Also vom Gewicht her sind die beiden Bikes, fast gleich. Dadurch das ich am Fully ne größere Bremse (Avid Code 203mm) und einen stabileren Laufradsatz habe wird es ca. 1 kg schwerer sein. Die Strecke hört sich erstmal ganz gut an, nur deine beschriebene Downhillpassage bereitet mir Bauchschmerzen

Wie kann ich mir die vorstellen? Singeltrail der einfach nur Steil ist, oder viel Schotter, Wurzeln und co, was dann technisch anspruchsvoll ist, oder einfach nur Eng? Wie sieht es mit Sprüngen und ähnlichem aus? Du merkst habe keine Ahnung davon 

Zumindest hört sich die Abfahrt mehr nach Fully mit "Wurfanker" an...


----------



## tzmtb (23. Mai 2012)

Na dann weis ich auch nicht ob Fully ist ja nicht viel Gewicht...

Also der Trail ist typischer Waldweg mit Wurzeln, Resten von Nadelbäumen und auch ein wenig Kies. Ist aber nicht so das er schwer ist, eher angenehm mit einigen kleinen Kurven. Wird schon werden. Hoffe du hast Spaß,! Gruß


----------



## rhoen-biker (23. Mai 2012)

Gibts irgendwo ein Höhenprofil von der Strecke. Bei über 2000 hm muss man sich ja seine Kräfte ein bissle einteilen


----------



## cd-surfer (23. Mai 2012)

Wetter wird geil und die Vorfreude steigt...
Also kommt zahlreich,es lohnt sich!


----------



## darkbiker90 (24. Mai 2012)

rhoen-biker schrieb:


> Gibts irgendwo ein Höhenprofil von der Strecke. Bei über 2000 hm muss man sich ja seine Kräfte ein bissle einteilen



Edit: Hat sich erledigt Streckenplan mit Höhenprofil gibts hier: http://mtb-tabarz.de/index.php?option=com_content&view=article&id=16&Itemid=16 Also wie mir schon gesagt wurde drei lange Kanten.
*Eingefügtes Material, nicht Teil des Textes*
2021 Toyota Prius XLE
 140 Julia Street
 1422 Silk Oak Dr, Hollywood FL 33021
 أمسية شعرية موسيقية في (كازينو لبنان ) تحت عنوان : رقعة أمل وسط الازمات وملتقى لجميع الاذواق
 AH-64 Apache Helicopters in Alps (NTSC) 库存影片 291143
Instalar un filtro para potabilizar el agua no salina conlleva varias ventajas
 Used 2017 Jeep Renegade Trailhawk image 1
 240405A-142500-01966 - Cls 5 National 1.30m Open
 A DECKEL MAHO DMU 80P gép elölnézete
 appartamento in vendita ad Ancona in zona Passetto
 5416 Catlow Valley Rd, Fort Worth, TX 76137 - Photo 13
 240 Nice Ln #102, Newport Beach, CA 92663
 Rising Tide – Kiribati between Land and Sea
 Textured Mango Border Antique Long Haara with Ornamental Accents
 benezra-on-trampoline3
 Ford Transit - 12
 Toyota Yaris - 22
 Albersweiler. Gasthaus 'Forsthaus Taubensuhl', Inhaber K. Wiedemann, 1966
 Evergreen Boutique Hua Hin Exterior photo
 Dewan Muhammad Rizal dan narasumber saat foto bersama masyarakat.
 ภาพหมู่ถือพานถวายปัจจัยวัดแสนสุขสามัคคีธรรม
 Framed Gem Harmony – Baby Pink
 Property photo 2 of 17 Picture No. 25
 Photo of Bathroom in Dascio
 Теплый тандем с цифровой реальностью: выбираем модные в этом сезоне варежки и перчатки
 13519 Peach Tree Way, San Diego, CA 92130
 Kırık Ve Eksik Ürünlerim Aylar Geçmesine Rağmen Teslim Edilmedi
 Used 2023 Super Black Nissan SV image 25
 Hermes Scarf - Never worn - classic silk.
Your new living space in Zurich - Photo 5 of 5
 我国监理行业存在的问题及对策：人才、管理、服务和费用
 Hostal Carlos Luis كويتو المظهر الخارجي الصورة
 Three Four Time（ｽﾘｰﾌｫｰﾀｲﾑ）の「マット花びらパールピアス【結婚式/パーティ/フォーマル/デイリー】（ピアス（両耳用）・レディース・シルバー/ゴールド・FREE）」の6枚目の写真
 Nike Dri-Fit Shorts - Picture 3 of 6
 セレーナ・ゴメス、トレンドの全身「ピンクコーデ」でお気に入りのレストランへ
Sollte mir liegen, ich freu mich drauf


----------



## Biker-04-1986 (24. Mai 2012)

Bekomme ich eigentlich noch eine Bestätigung wegen der Überweisung und Anmeldung?

Muss man zum Rennen irgendwas mitbringen, z.B. Kabelbinder für die Startnummer oder ähnliches?


----------



## MTB-News.de




----------



## h2okopf (24. Mai 2012)

Bei der Anmeldung müsstest eine Mail erhalten haben. Ansonsten landest du in der Startliste nachdem die Gebühr eingegangen ist. Notfalls halt einfach Nachweis der erfolgten Zahlung zur Nummernausgabe mitbringen.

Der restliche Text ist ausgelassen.